Top of SUPPLIED RECORDS

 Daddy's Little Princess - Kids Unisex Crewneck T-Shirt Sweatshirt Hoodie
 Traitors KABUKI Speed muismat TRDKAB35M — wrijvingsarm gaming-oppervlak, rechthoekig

Bottom of SUPPLIED RECORDS
Top of SUPPLIED RECORDS

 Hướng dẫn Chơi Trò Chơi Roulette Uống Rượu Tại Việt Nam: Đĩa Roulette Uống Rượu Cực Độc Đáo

Bottom of SUPPLIED RECORDS

Above are the records; from them, give again exactly the lines from the one containing "Daddy's Little Princess" through the one containing "Traitors KABUKI Speed", both included.

 Daddy's Little Princess - Kids Unisex Crewneck T-Shirt Sweatshirt Hoodie
 Traitors KABUKI Speed muismat TRDKAB35M — wrijvingsarm gaming-oppervlak, rechthoekig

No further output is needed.